Eichler Gabriel S, Reimers Mark, Kane David, Weinstein John N
Genomics and Bioinformatics Groups, Laboratory of Molecular Pharmacology, Center for Cancer Research, National Cancer Institute, National Institutes of Health, Bethesda, Maryland 20892, USA.
Genome Biol. 2007;8(9):R187. doi: 10.1186/gb-2007-8-9-r187.

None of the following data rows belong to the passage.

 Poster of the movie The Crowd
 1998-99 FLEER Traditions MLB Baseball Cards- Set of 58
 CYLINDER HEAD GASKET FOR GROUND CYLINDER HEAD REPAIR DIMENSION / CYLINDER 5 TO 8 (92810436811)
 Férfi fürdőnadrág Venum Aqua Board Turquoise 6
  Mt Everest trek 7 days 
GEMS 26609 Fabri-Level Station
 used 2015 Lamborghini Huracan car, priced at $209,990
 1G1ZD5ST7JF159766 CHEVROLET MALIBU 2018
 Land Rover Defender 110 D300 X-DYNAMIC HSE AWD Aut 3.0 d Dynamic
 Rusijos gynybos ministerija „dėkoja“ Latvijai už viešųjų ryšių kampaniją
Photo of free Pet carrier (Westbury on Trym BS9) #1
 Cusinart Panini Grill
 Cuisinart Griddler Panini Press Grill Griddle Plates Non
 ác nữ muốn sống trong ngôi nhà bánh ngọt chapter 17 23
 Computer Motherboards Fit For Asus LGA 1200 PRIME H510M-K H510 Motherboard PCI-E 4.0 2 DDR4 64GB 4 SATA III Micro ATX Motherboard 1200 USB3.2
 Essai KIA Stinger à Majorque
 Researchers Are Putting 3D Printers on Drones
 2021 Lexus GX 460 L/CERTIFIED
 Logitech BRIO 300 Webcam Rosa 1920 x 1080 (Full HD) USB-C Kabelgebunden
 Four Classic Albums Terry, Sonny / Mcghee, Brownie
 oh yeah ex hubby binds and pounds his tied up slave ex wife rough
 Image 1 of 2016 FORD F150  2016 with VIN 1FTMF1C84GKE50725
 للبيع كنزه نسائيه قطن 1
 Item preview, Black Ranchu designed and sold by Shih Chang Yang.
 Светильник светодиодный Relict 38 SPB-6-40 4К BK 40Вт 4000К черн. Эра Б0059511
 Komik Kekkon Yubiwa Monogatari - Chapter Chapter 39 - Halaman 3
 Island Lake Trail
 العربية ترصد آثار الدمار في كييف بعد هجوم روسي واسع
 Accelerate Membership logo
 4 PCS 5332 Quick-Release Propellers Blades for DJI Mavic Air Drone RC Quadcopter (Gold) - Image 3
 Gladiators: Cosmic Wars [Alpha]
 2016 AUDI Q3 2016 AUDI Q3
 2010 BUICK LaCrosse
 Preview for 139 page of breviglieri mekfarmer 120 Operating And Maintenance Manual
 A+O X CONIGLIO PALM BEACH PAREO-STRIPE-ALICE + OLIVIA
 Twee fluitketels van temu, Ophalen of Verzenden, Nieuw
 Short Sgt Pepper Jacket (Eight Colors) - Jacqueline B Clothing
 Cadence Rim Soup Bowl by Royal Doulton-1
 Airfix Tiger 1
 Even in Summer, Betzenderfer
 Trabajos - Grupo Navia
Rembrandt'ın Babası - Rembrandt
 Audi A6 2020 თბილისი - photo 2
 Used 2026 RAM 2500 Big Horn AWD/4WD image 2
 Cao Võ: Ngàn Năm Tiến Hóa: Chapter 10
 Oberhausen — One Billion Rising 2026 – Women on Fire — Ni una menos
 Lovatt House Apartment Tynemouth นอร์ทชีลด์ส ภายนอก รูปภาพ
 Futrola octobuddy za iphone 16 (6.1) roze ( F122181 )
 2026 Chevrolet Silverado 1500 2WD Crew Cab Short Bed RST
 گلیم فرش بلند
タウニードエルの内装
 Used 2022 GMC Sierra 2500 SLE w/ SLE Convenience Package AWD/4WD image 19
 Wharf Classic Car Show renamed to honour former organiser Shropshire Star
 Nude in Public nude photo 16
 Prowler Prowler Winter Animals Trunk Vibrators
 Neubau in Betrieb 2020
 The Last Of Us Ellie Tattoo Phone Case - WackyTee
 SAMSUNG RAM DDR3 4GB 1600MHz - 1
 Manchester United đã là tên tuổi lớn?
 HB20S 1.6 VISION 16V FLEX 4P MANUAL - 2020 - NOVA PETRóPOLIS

Interpretation of microarray data remains a challenge, and most methods fail to consider the complex, nonlinear regulation of gene expression. To address that limitation, we introduce Learner of Functional Enrichment (LeFE), a statistical/machine learning algorithm based on Random Forest, and demonstrate it on several diverse datasets: smoker/never smoker, breast cancer classification, and cancer drug sensitivity. We also compare it with previously published algorithms, including Gene Set Enrichment Analysis. LeFE regularly identifies statistically significant functional themes consistent with known biology.
微阵列数据的解读仍然是一项挑战,并且大多数方法未能考虑基因表达的复杂非线性调控。为解决这一局限性,我们引入了功能富集学习器(LeFE),这是一种基于随机森林的统计/机器学习算法,并在几个不同的数据集上进行了验证:吸烟者/从不吸烟者、乳腺癌分类以及癌症药物敏感性。我们还将其与先前发表的算法进行了比较,包括基因集富集分析。LeFE能够定期识别出与已知生物学一致的具有统计学意义的功能主题。